Tuesday, October 5, 2010

We Can’t Afford The Tax Cuts. Really?



Read this. I’ll wait.

No, I know you probably won’t read it.

How much do the Bush tax cuts “cost” us?

Now, thinking like a government official, this means that extending the tax cuts would “cost” the government $3.7 trillion over ten years. This sounds like a lot of money, but let’s put it in perspective and look at how much the federal government will be spending over the course of the next ten years.

Federal spending for the next ten years is currently projected at almost $42 trillion dollars. Interest payments on the debt add another $4.5 trillion. Extending the tax cuts to all but the $250,000 and up group would create a shortfall in receipts of $3 trillion. Extending the tax cuts to everyone creates an additional shortfall of $700 billion.

The President says that this $700 billion would “drastically expand the deficit”. Really? How so? It’s less than a sixth of just the interest payments on the debt! And it’s not as if you’re projecting the deficits to shrink, which would increase the impact of the $700 billion. No. You’re projecting them to stay at around this $1 trillion per year level.

Mr. President. The problem isn’t that we’re not taxing enough. It’s that we’re spending too much.

See, here’s the problem in a nutshell. The government isn’t like the private sector.

In the private sector, if funds are tight, we trim the fat. We find less expensive ways to do things. We hold off on new purchases, etc. In short, we cut our budgets.

In government, particularly at the federal level, they never make cuts. Everything just grows. There’s never any incentive to make things more efficient. In fact, the opposite is true. The incentive is to spend every single penny in your budget, to make sure no one thinks that you don’t need it all.

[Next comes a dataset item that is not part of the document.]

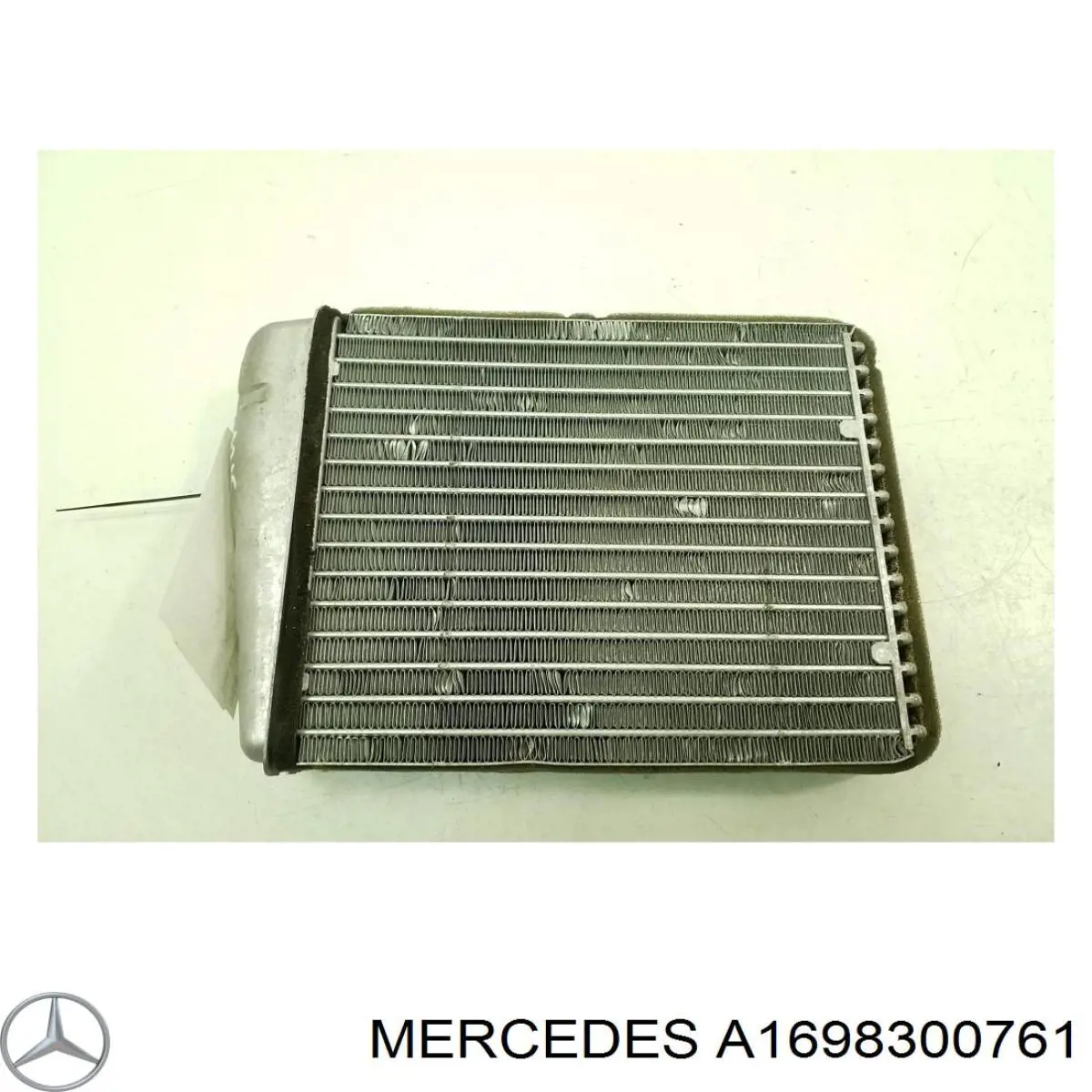 Радиатор печки (отопителя) Mercedes A1698300761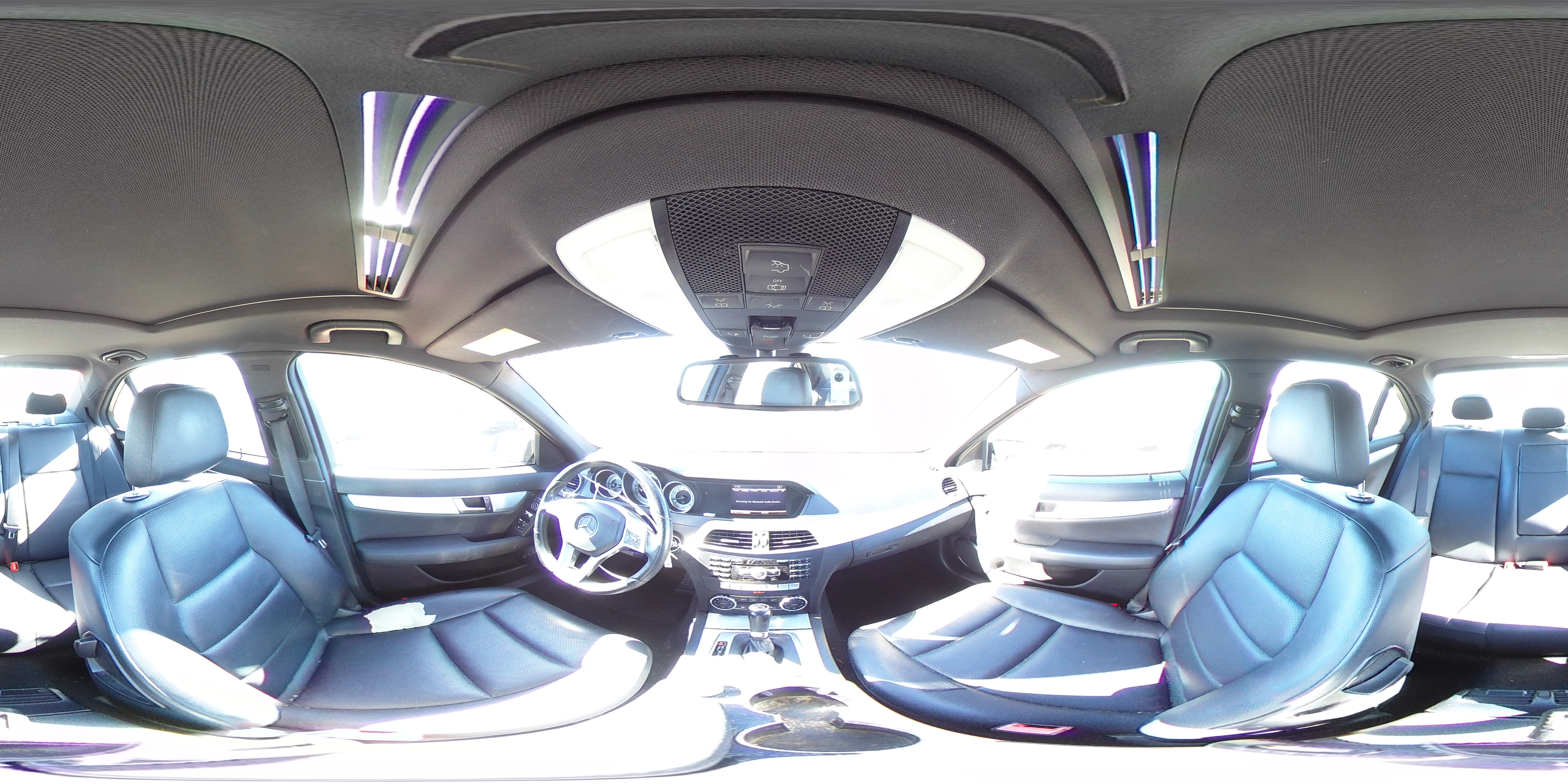 2013 Mercedes-Benz C 250 VIN: WDDGF4HB6DR275826 Lot: 91719615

Now, I’m not one of those budget hawks that says we need to make cuts everywhere except defense.

No, we need to make cuts everywhere.

Yes, we have the best military in the world, and yes, I want to maintain that. But, it suffers from the same inefficiencies as the rest of the federal government. We spend more on our military than the rest of the world combined. I think it’s easy to argue that we’re not getting our money’s worth.

I’m not talking about cutting personnel or eliminating bases or aircraft carriers. I’m talking about doing the same things we do in the private sector. Find inefficiencies and find ways to eliminate them.

Surprisingly, I’m also not talking about drastic cuts.

Look at this chart.

Freezing spending results in a balanced budget by 2016. Allowing 2% annual growth in the federal budget still results in a balanced budget by 2020. Obviously we can’t freeze spending forever. Inflation will happen, and COLA isn’t an entirely evil thing. But we’re spending far too much now. Freezing will allow what will amount to gradual spending cuts. And government workers are overpaid, anyway, with better benefits and don’t lose their jobs during a recession.

For the video that goes with the chart, click here. It’s worth a watch.

Of course, our current President and our current Congress will never agree to such a plan. The Congress we can do something about in 28 days. And brinkmanship may be the only option with the current President. Pass a frozen budget and force him to veto it.

Then he can get on TV and explain to everyone why he shut down the government. Yes, I know Republicans tried this with Clinton, but they played it wrong and he’s a master of politics. President Barack Obama (D-USA) is a master at being a crybaby. I’m pretty sure the Republicans come out the winner in a stalemate such as this. If it can’t be done, we’ll have to reign in as much as we can and plan to fix it in 2013.

But the first part starts in 28 days. Beware the flood, Democrats. It’s coming for you. And it’s getting bigger and bigger.